Through the glass darkly

Bridget – goddess and saint

The late Hubert Butler once wrote a delightful essay called Influenza on Aran in which he examined the evidence for the early Irish saints. His title is explained in the first few sentences: “When I arrived in Aran by the Naomh Eanna at Kilronan I was sneezing and, by the time I had raced to St Enda’s Church at Killeany and seen the stone on which he had floated in from Connemara, I was feverish and coughing. I spent the rest of my time in bed reading the only two books on Aran and its saints that I could find, a big one by Mr O Siochain [Aran: Islands of Legend] and a small one by Father Scantlebury [Saints and Shrines of Aran Mor]”.

Later, during the week, a learned friend came to see him, and Butler, excited by the two books, attempted to communicate some of his enthusiasm to his visitor, “but I failed miserably”. The reason for his failure, Butler tells us, lay in the fact that the study of the Aran saints – and by extension the majority of the saints of the early Irish church – had been taken over by “textual criticism and philology and scientific excavations”, which he regretted as the Medusa-gaze of dry as dust.

“Were Enda and his colleagues just ‘folklore’, the unmotivated fabrication of country people?” he asks.

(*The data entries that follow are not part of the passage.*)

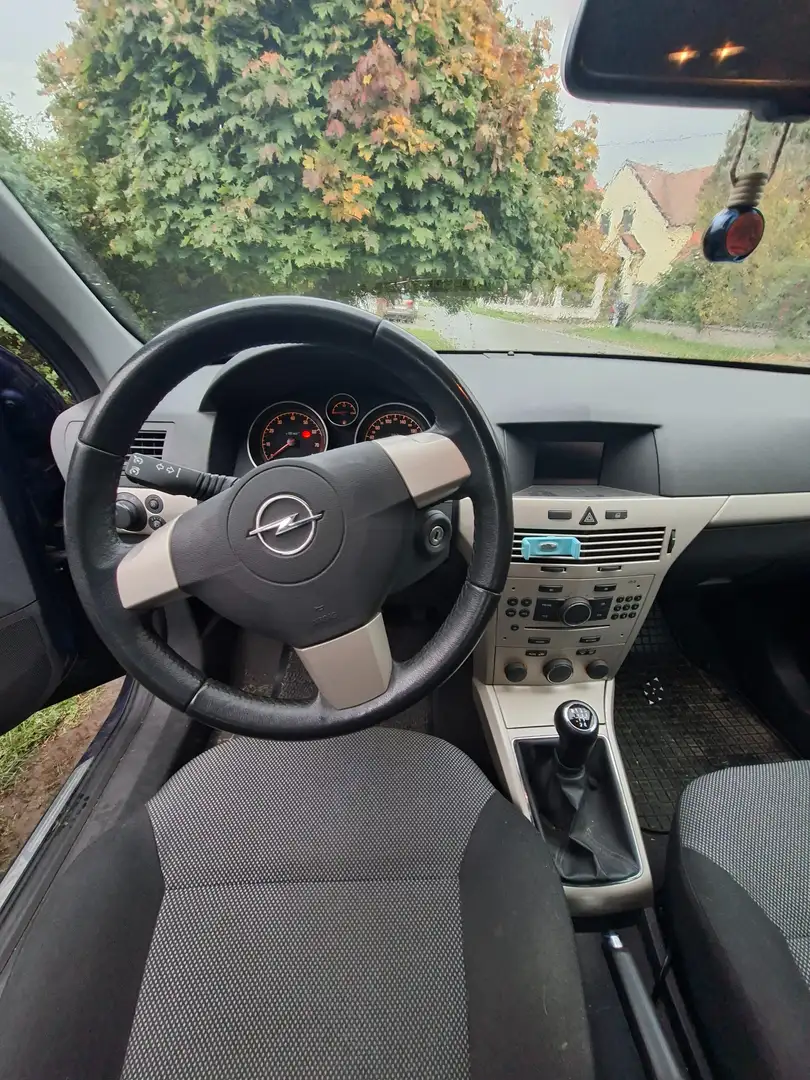 Opel Astra Astra 1,6 Caravan Edition Edition Blau - 2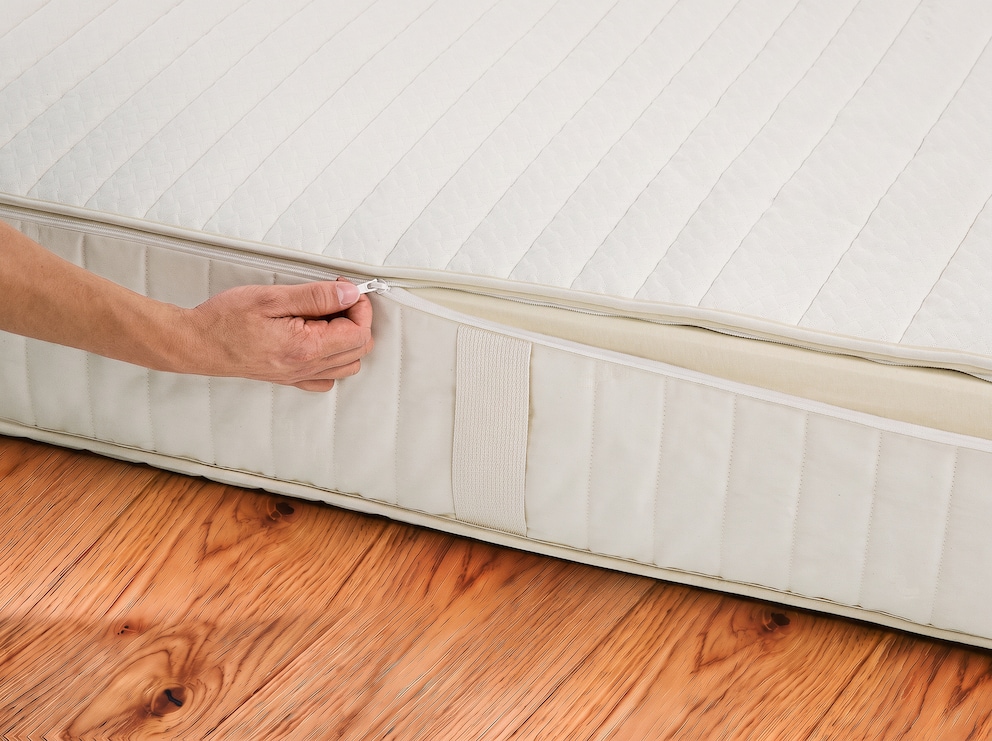 Ritssluiting rond de volledige matras om de tijk gemakkelijker van de matras nemen voor het onderhoud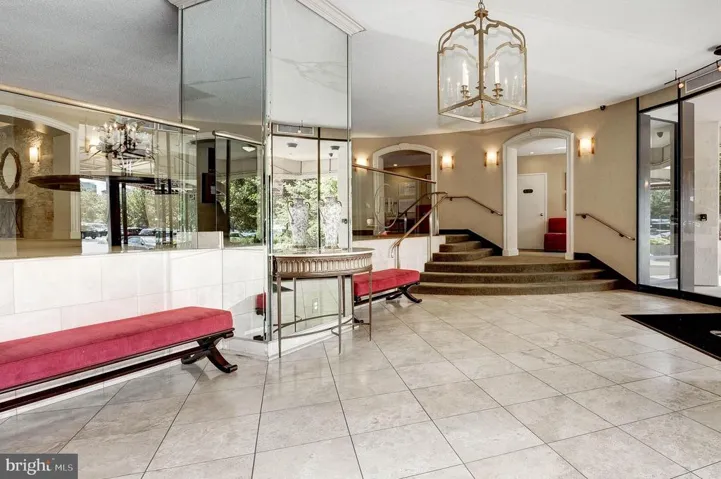 8370 Greensboro #216, Mclean, Virginia 22102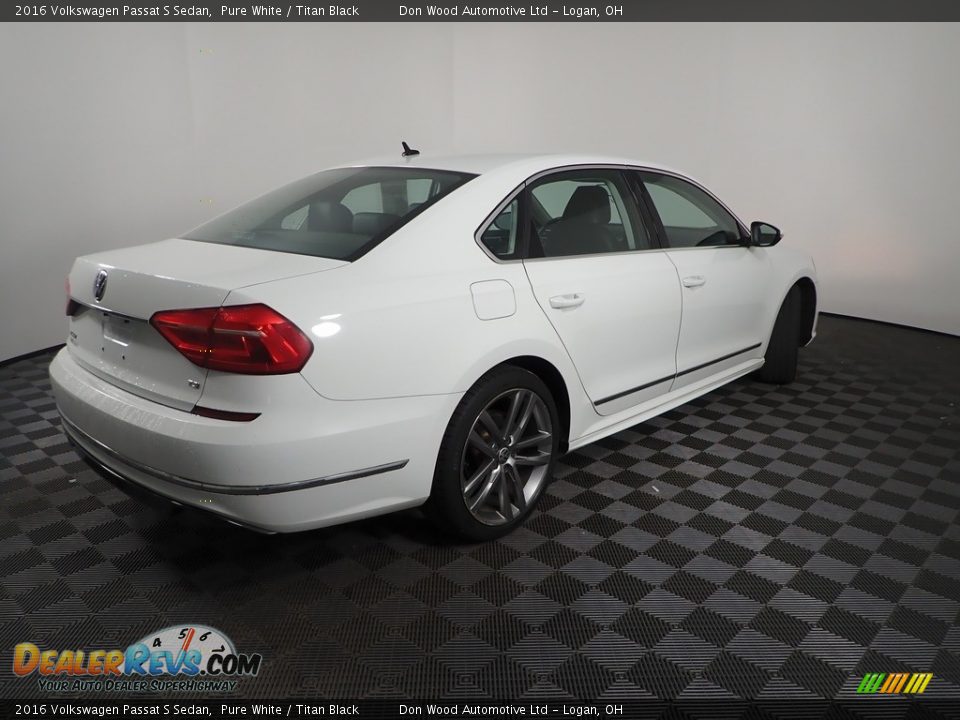 2016 Volkswagen Passat S Sedan Pure White / Titan Black Photo #11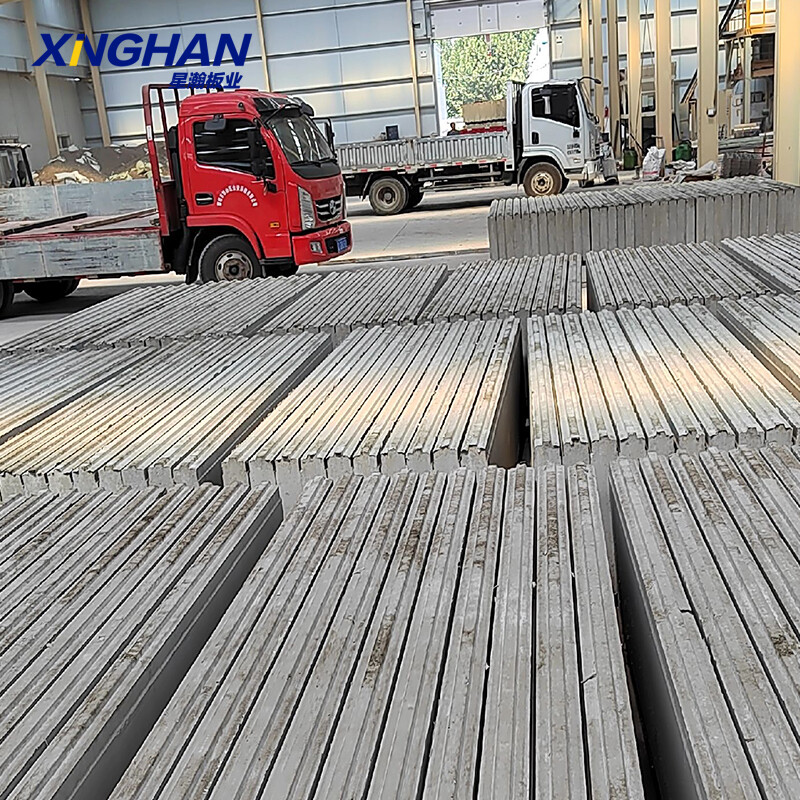 Lightweight partition board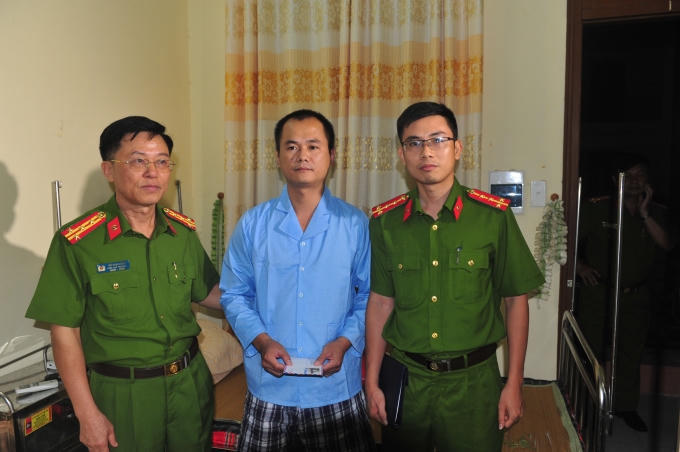 Thăm hỏi động viên chiến sĩ kịp thời.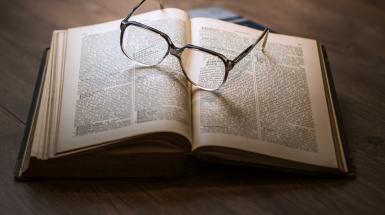 libro aperto con occhiali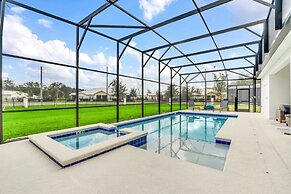 Dynamic 15 Bed With Character Bedrooms Pool, Spa! 15 Villa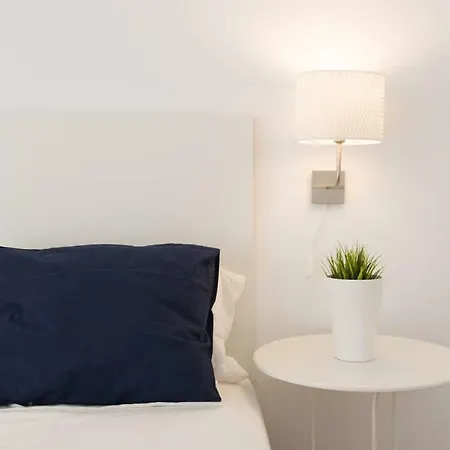 Lyrioshomes Cervantes Apartment *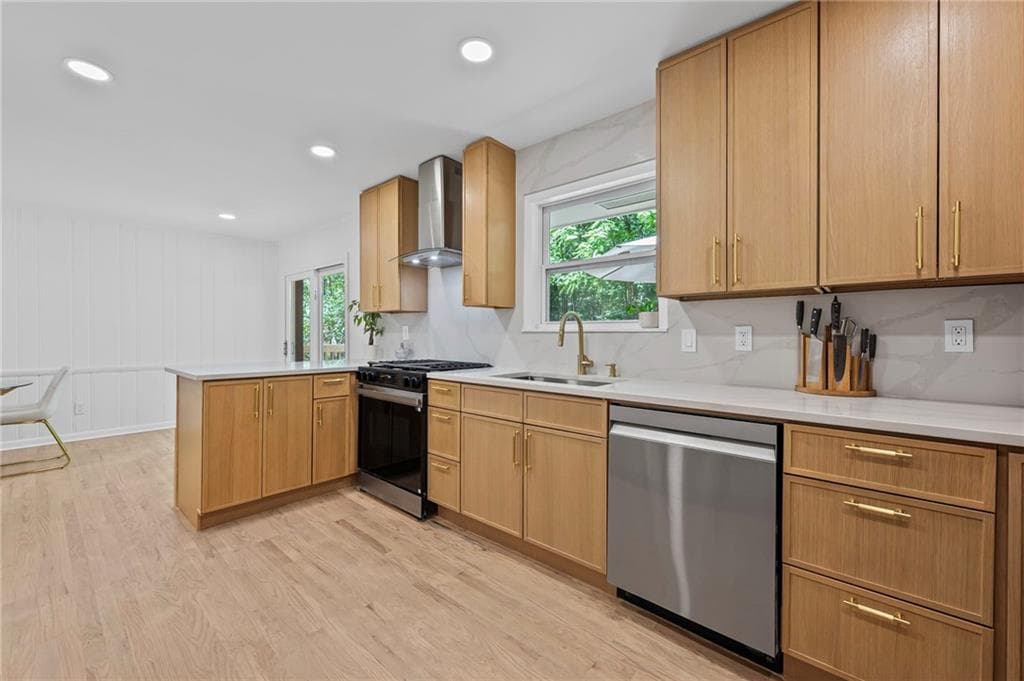 4 bedroom, 3 bathroom, 2,598 sq ft single family residence for sale at 2238 Pinecliff Drive, Atlanta, GA 30345 — photo 8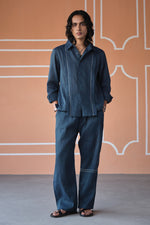 Load image into Gallery viewer, TAILORED YOKE SHIRT- NAVY
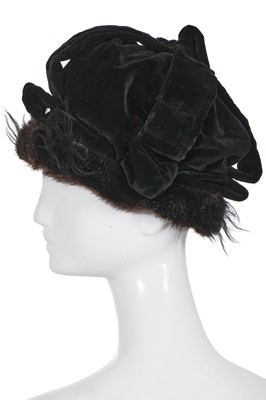Lot 247 - A Vivienne Westwood crown, probably 'Harris Tweed' collection, Autumn-Winter 1987-88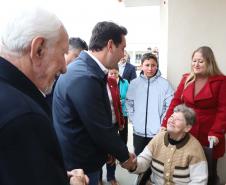 Governador entrega Condomínio do Idoso com 40 unidades e piscina térmica em Ponta Grossa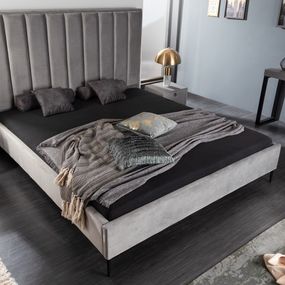 Germany24 - Luxusná posteľ Cosmopolite 180x200cm strieborný sivý zamat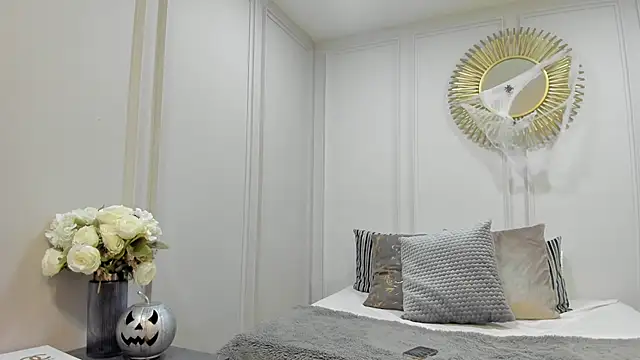 CharlotteBrownn  online show from November 2025 01:53:02 AM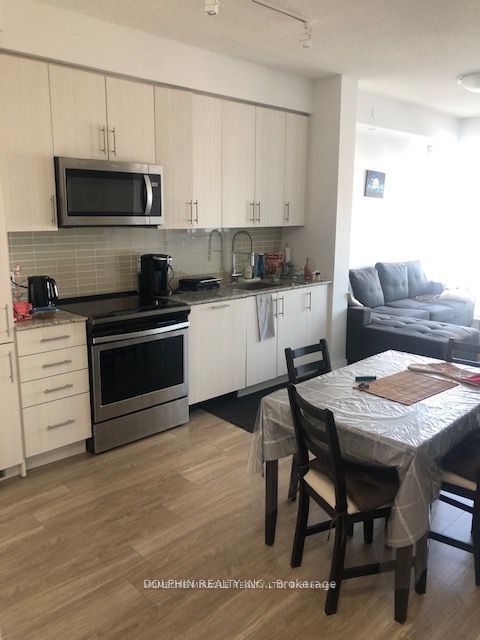 4055 Parkside Village Drive 2014, Mississauga, ON L5B 0J7 photo 5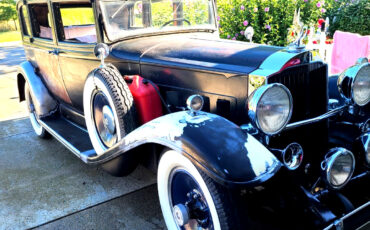 Packard-902-1932-Sedan-5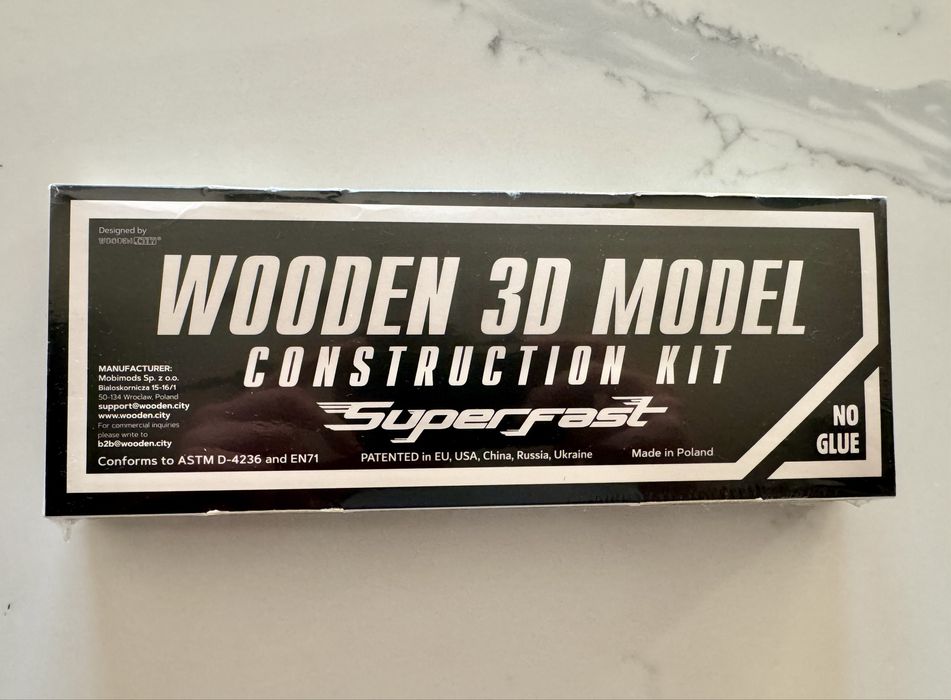 Drewniany model puzzle 3D do składania samochod superfast Wooden.City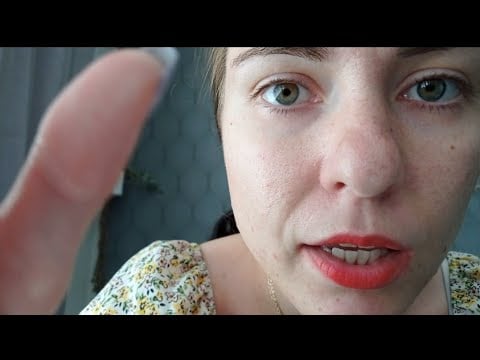 ASMR- Soft singing and soft handmovements 💙
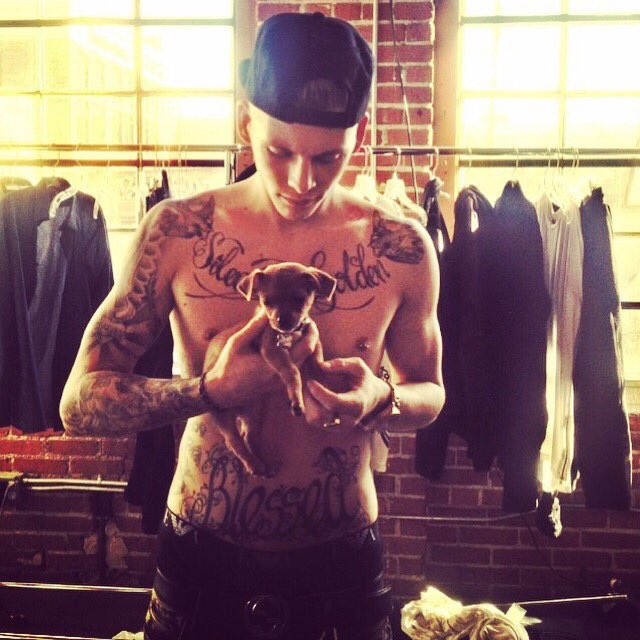 Rixton101's tweet photo. Happyyyyyyy #MorganMonday ! https://t.co/Vsnxb4I84G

This Tuesday – February 1– was the feast day of St Bridget. The day also marks the beginning of spring and the old Celtic festival of Imbolc – one of the four, along with Beltaine, Lughnasa, and Samhain, that punctuate the old Celtic year. Imbolc is associated with another Bridget or Brighid, the daughter of Dagda, the high god of the Tuatha de Danann, the people who inhabited this island before the Celts.

First of all, St Bridget (c453-523 ). Not much is known about her, though early sources tell us that she was, like many of the early Irish saints, probably the daughter of a king or even a druid, and that she founded a convent and church at Kildare (Cill Dara – the church of the oak ).

Many stories are told of St Bridget. In one she asks the King of Leinster for land to build her convent, saying she will take only what her cloak will cover. However, hers is no ordinary cloak. As soon as she lays it on the ground, it spreads until it covers the area on which both convent and church were to be built. A sacred fire was kept burning in the convent, tended by nuns, and finally extinguished, according to which source you favour, by the Normans or Cromwell.

For the Irish, St Bridget has a special connection with both Mary and the Christ child. She is sometimes called the foster-mother of Jesus, and in popular tradition, she is known as ‘Mary of the Gael’. Not only is she the second patron saint of Ireland (St Patrick being the first ), but she is also the patron of teaching, healing, and the domestic arts.

What of Brighid, the goddess daughter of Dagda? She is said to be descended from Danu, the earth mother, ancestor of the Tuatha, or people, of Danu. Brighid was the patron of the crafts, poetry, the hearth - site of the central fire which gives warmth and heats the cooking pot - and the life-giving, healing water.

Butler argued that many of the early Irish saints were given or gathered about them the attributes of the old gods and goddesses, baptised, you might say, by Christianity. In the case of St Bridget and Brighid, what they have in common certainly lends itself to such a theory. Not only do the convent and church dedicated to St Bridget stand on a pre-Christian site, possibly Druidic as the oak was a sacred tree, but the attributes of saint and goddess are strikingly similar. Other suggestive links include the four-armed St Bridget’s Cross, still found throughout Ireland, a symbol of home and hearth, and Ireland is full of holy wells dedicated to St Bridget – one of the most famous is at Liscannor, Co Clare - the sacred associations of which, in many cases, pre-date Christianity.

Whether or not there was an actual St Bridget – I believe there was – Butler’s conclusion still applies to those who would “unweave the rainbow” of an ancient and cherished legacy.

“For the Irish people to forget the saints is for them to forget their childhood. We are emotionally and intellectually committed to them. They beckon us along a private road that leads not only to the Irish past but to the past of Europe ... Whether they really lived or not, they belong to us more than to anybody else.”